Chronique

Du temps qui passe

Et si l’on reconsidérait la notion de temporalité en entreprise? Une approche qui permettrait de faire grandir les collaborateurs par étape, au lieu de les pousser au sprint répété.

C’était il y a un an, deux ans, non, déjà trois ans! Les enfants d’hier sont grands, les mentors d’hier retraités, et soi-même entre chien et loup. Mais en entreprise, le temps se décline plutôt au futur. Seul semble compter l’avenir, les budgets et prévisions économiques, les objectifs annuels, les projets d’avant-garde, les indicateurs futurs à atteindre. Le passé est vite oublié, les résultats une simple incitation à faire encore mieux, et les primes d’ancienneté bien faibles par rapport aux bonus promis.

Le monde VUCA (jargon de l’armée américaine pour décrire les situations chaotiques, ndlr), n’offre, dans sa définition même, que peu de stabilité et de sécurité. Une certaine norme économique mondialisée précipite les restructurations, les rachats se font par trop fréquents, l’urgence de se réinventer est annoncée comme seule possibilité de survie.

Vivre dans un monde instable et être tourné en permanence vers l’avenir, semble toutefois mener à de trop nombreux risques psychosociaux et manifestations de stress. L’humain se retrouve dans une course effrénée où il se perd lui-même, en perte de repères et de stabilité. Brown-out et Bore-out sont au rendez-vous. Les identités professionnelles se dissolvent dans les parcours individuels, les entreprises familiales perdent leur culture au profil d’une gestion uniformisée.

Et dans ce contexte, la notion de temps a disparu au profit d’agendas mixant les rendez-vous, tâches et délais. Couplée au rythme frénétique des mails entrants.

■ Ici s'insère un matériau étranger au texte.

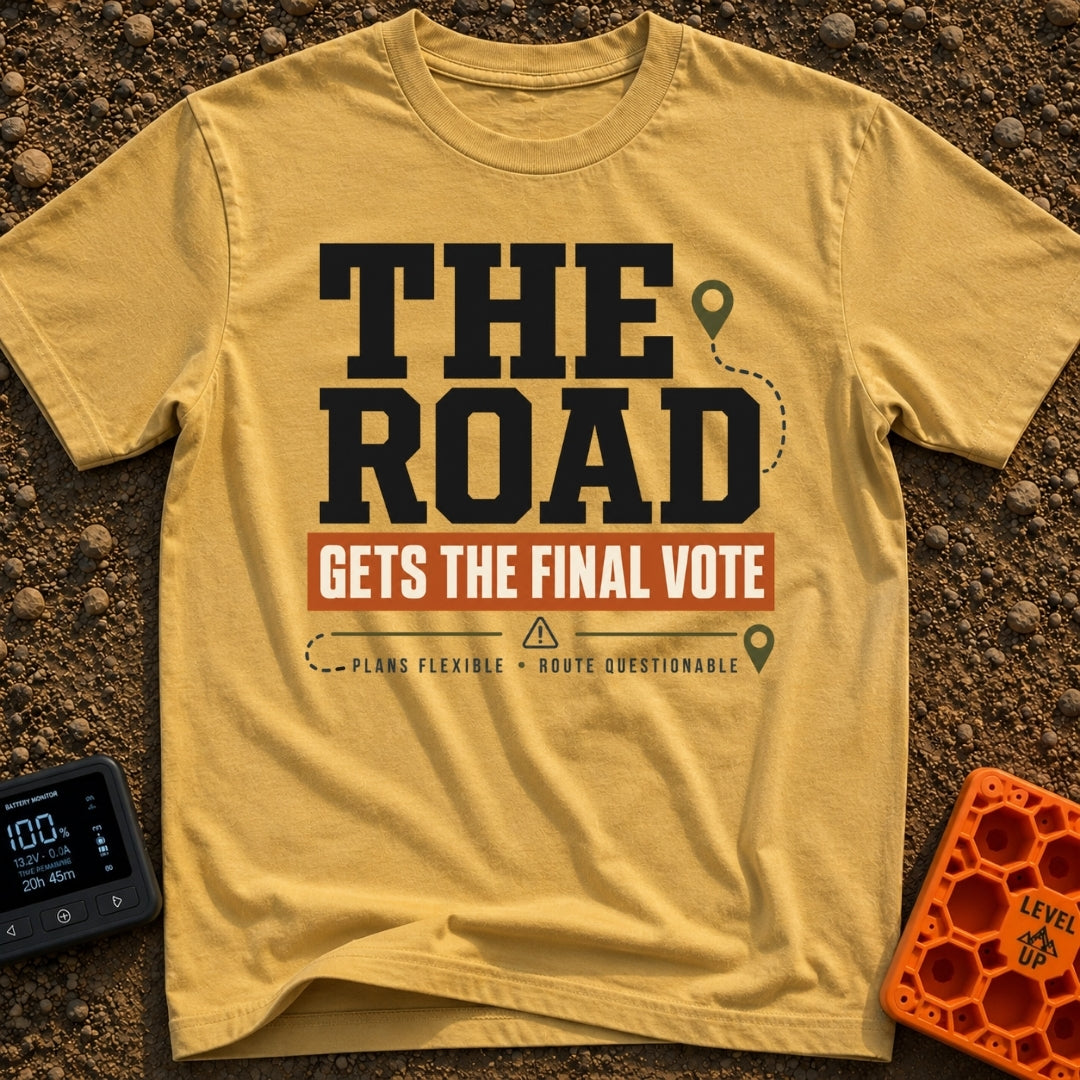 The Road Votes Last - T-Shirt in Mustard - A typographic design featuring the large text "THE ROAD" above a brown banner...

Le multitasking doit permettre de mener de front, sans temporisation, les missions les plus diverses. Le quotidien devient un grand pêle-mêle déstructuré. Et au lieu de proposer du cadre, de l’organisation, de la hiérarchie, on prône l’autonomie qui désécurise. Tout est question de balance bien entendu. Mais de multiples études s’accordent sur le besoin de sécurité et d’appartenance du collaborateur pour qu’il soit performant, productif, créatif, innovant.

Artifices superficiels

Or le malmené collaborateur se voit plutôt offrir du bien-être instantané. Au lieu de la sécurité financière, affective, émotionnelle, il se voit offrir le choix (encore) au milieu des multiples offres du Chief Hapiness Officer. Avec un peu de fresh fruits à 10 heures, un peu de Mindfulness à midi, un peu de babyfoot à 15 heures. Avec des fringes benefits, des moments funs, des offres sexy. Seul l’anglais parvient à cacher la superficialité de ces artifices.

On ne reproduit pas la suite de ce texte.